++++ Records for the exercise ++++

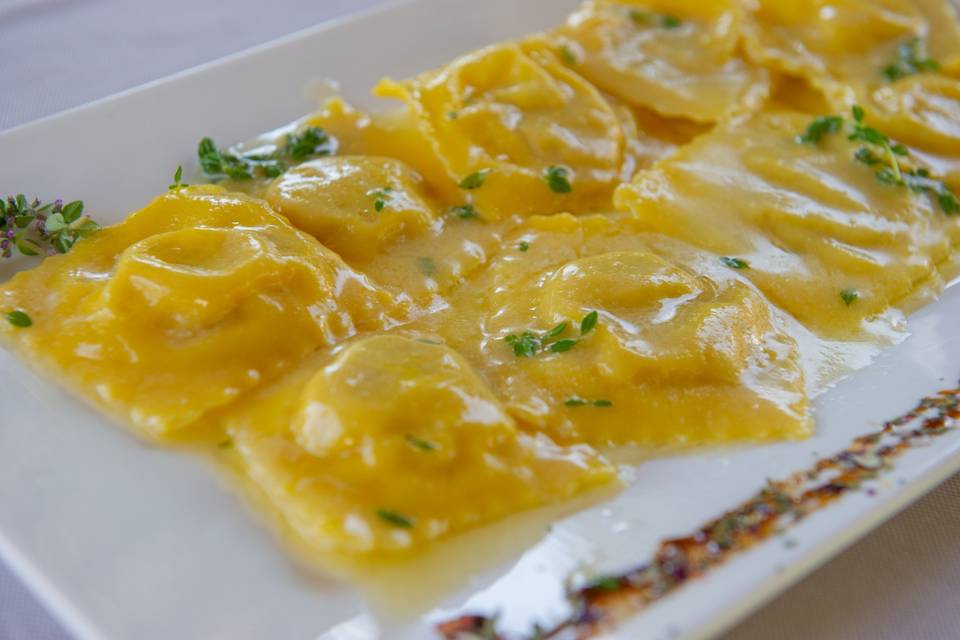 Ravioli di branzino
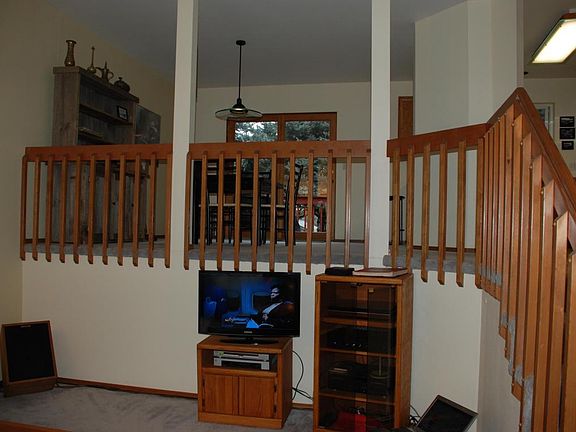 4th image of 733 E Miles Ave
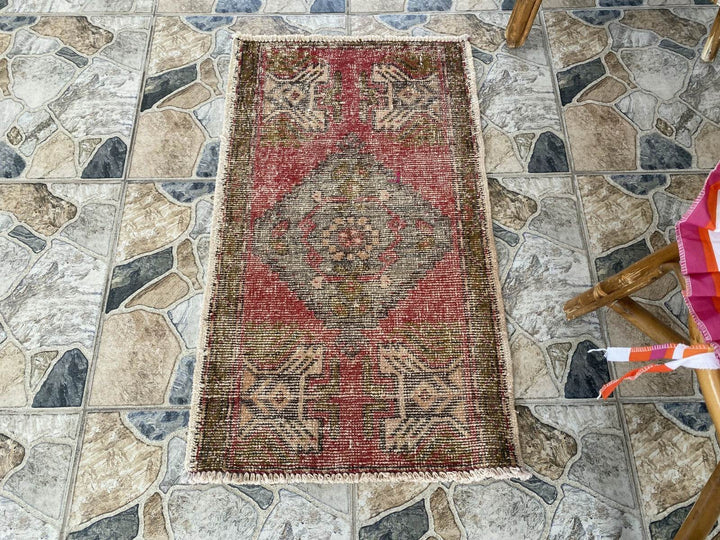Pre 1980’s ANTIQUE ANATOLIAN FARMHOUSE RUG - TRIBAL GEOMETRIC TURKISH VINTAGE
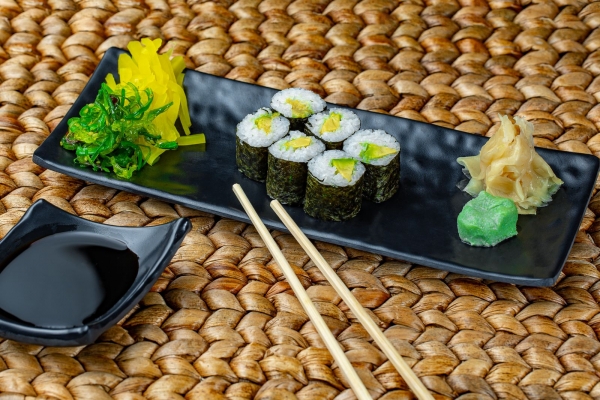 Maki with avocado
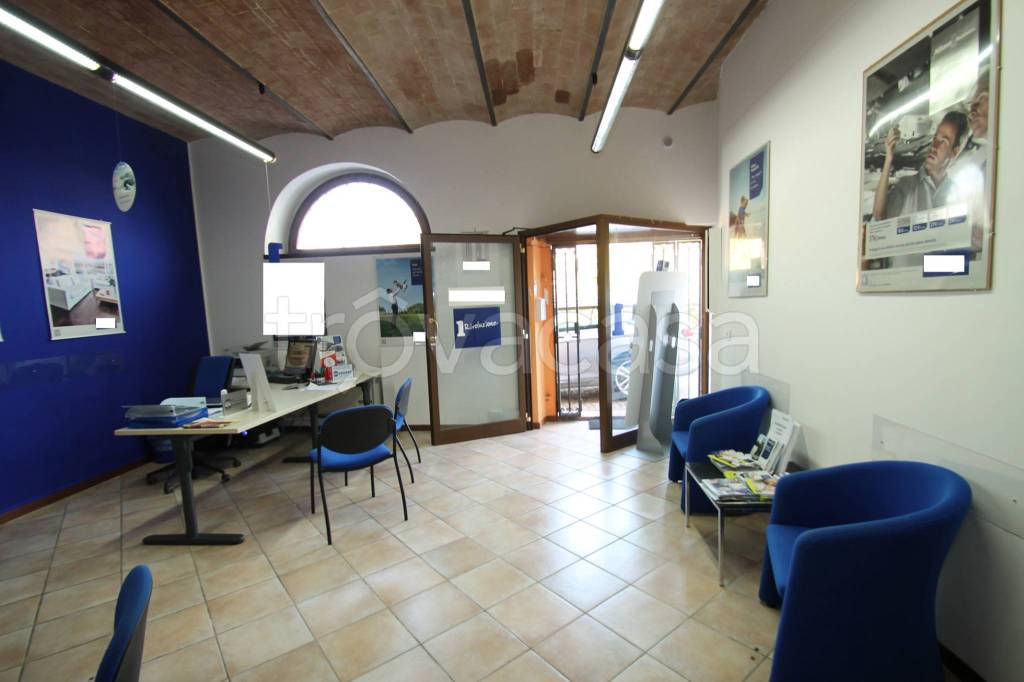 Ufficio in affitto a Fabriano piazza Giuseppe Garibaldi, 28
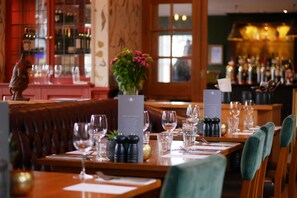Breakfast, lunch, dinner served; British cuisine  - The Richard Onslow (Cranleigh)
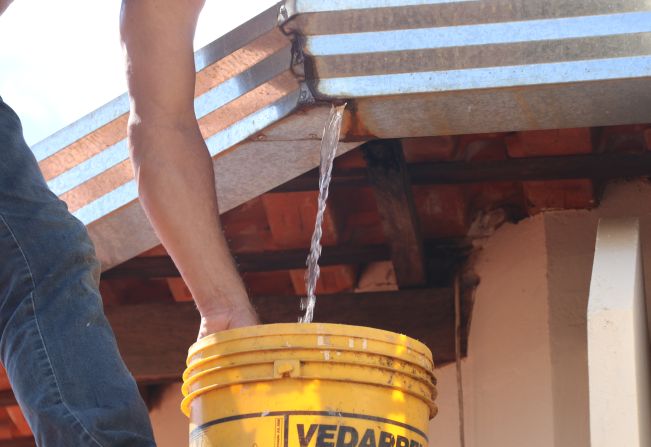 Endemias realiza ação para eliminação de focos de dengue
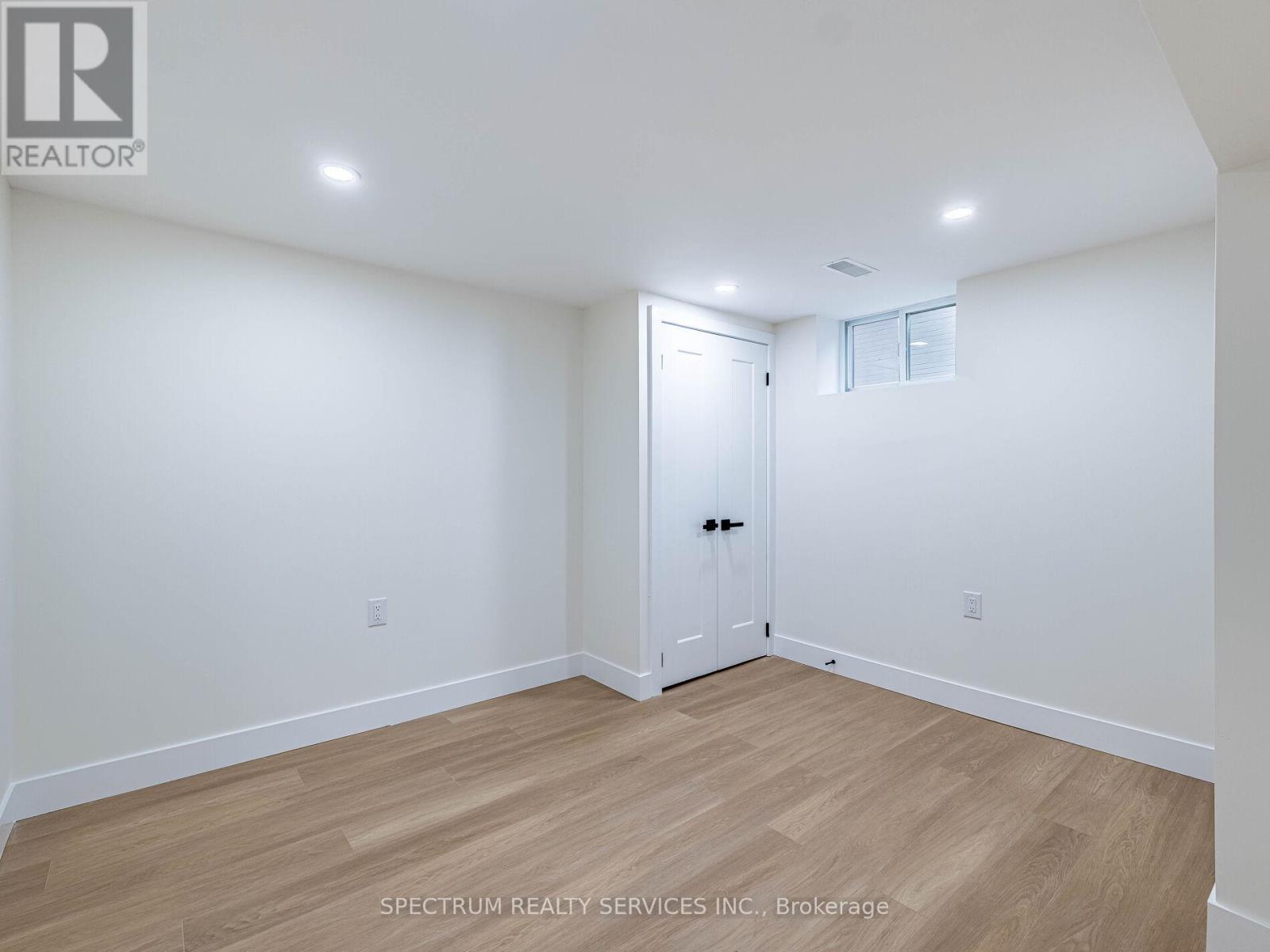 914 FRANCIS ROAD - 41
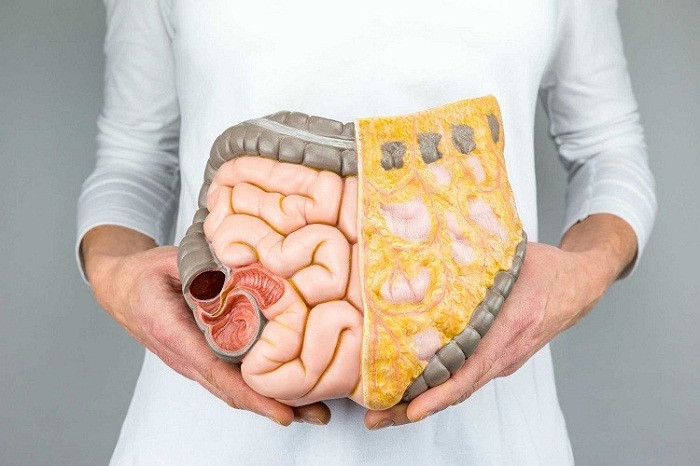 1 đau – đau bụng: Mắc các bệnh đường ruột như nhiễm khuẩn đường ruột cấp tính, bạn có thể đối diện với tình trạng đau bụng quằn quại, tiêu chảy và buồn nôn... trong thời gian ngắn, có thể khắc phục bằng cách sử dụng thuốc. Trong khi đó, polip dạ dày, viêm loét ruột, ung thư... ở giai đoạn đầu thường xuất hiện các cơn đau ngắt quãng, mức độ đau tăng dần.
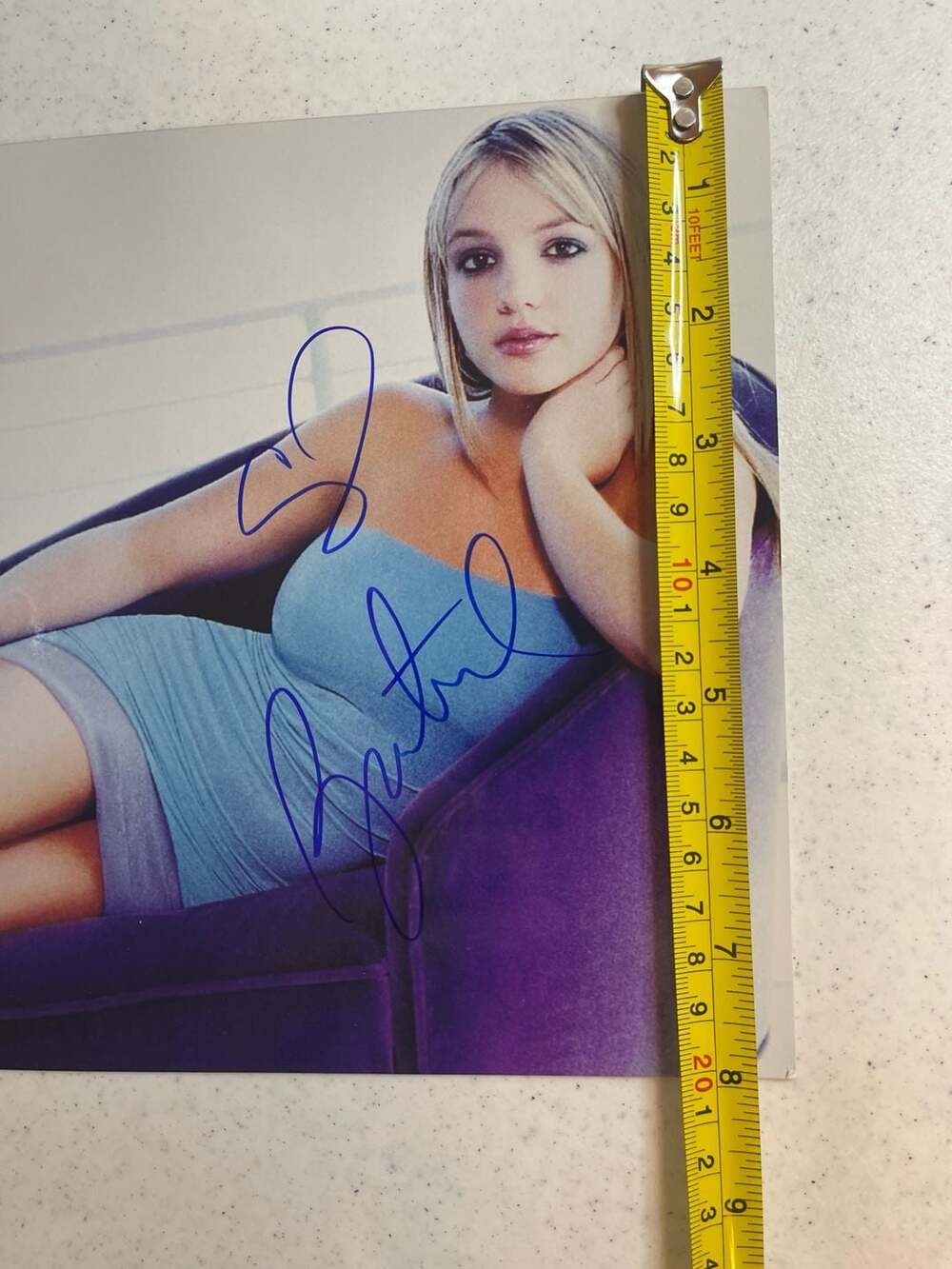 Y2K Britney Spears Autographed 8x10 Promotional Photo with COA - Picture 4 of 5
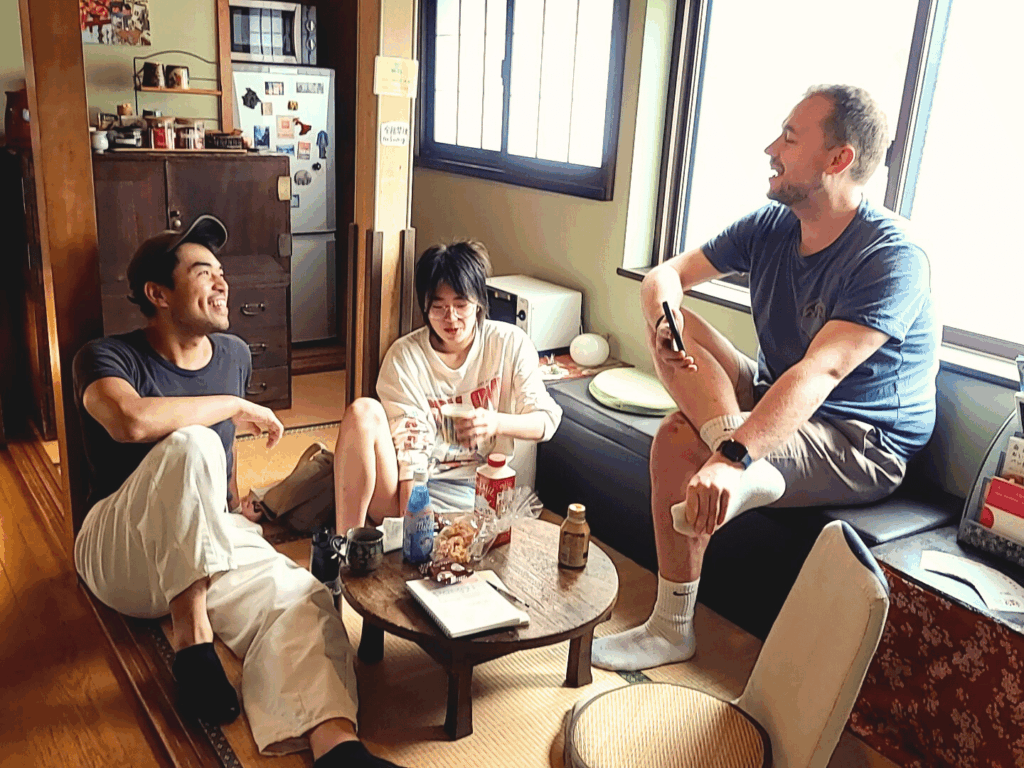 nteraction among travelers in the lounge — Kanazawa Guesthouse Pongyi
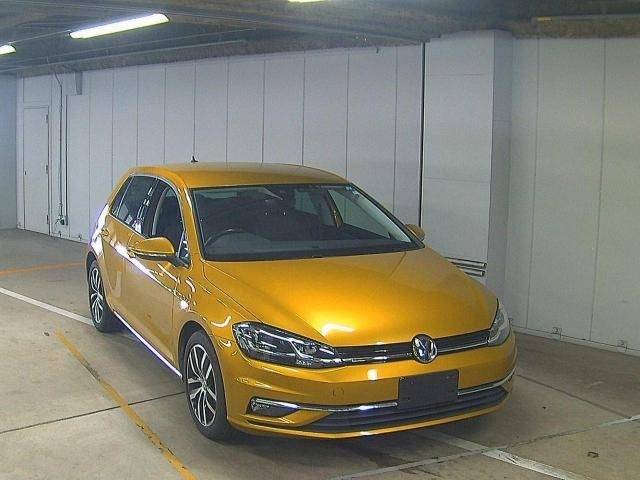 89 VOLKSWAGEN GOLF AUCPT 2018 г. (ZIP Osaka)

++++

Print the entries above exactly, leaving pictures out.

 Ravioli di branzino
 4th image of 733 E Miles Ave
Pre 1980’s ANTIQUE ANATOLIAN FARMHOUSE RUG - TRIBAL GEOMETRIC TURKISH VINTAGE
 Maki with avocado
 Ufficio in affitto a Fabriano piazza Giuseppe Garibaldi, 28
Breakfast, lunch, dinner served; British cuisine  - The Richard Onslow (Cranleigh)
 Endemias realiza ação para eliminação de focos de dengue
 914 FRANCIS ROAD - 41
 1 đau – đau bụng: Mắc các bệnh đường ruột như nhiễm khuẩn đường ruột cấp tính, bạn có thể đối diện với tình trạng đau bụng quằn quại, tiêu chảy và buồn nôn... trong thời gian ngắn, có thể khắc phục bằng cách sử dụng thuốc. Trong khi đó, polip dạ dày, viêm loét ruột, ung thư... ở giai đoạn đầu thường xuất hiện các cơn đau ngắt quãng, mức độ đau tăng dần.
 Y2K Britney Spears Autographed 8x10 Promotional Photo with COA - Picture 4 of 5
 nteraction among travelers in the lounge — Kanazawa Guesthouse Pongyi
 89 VOLKSWAGEN GOLF AUCPT 2018 г. (ZIP Osaka)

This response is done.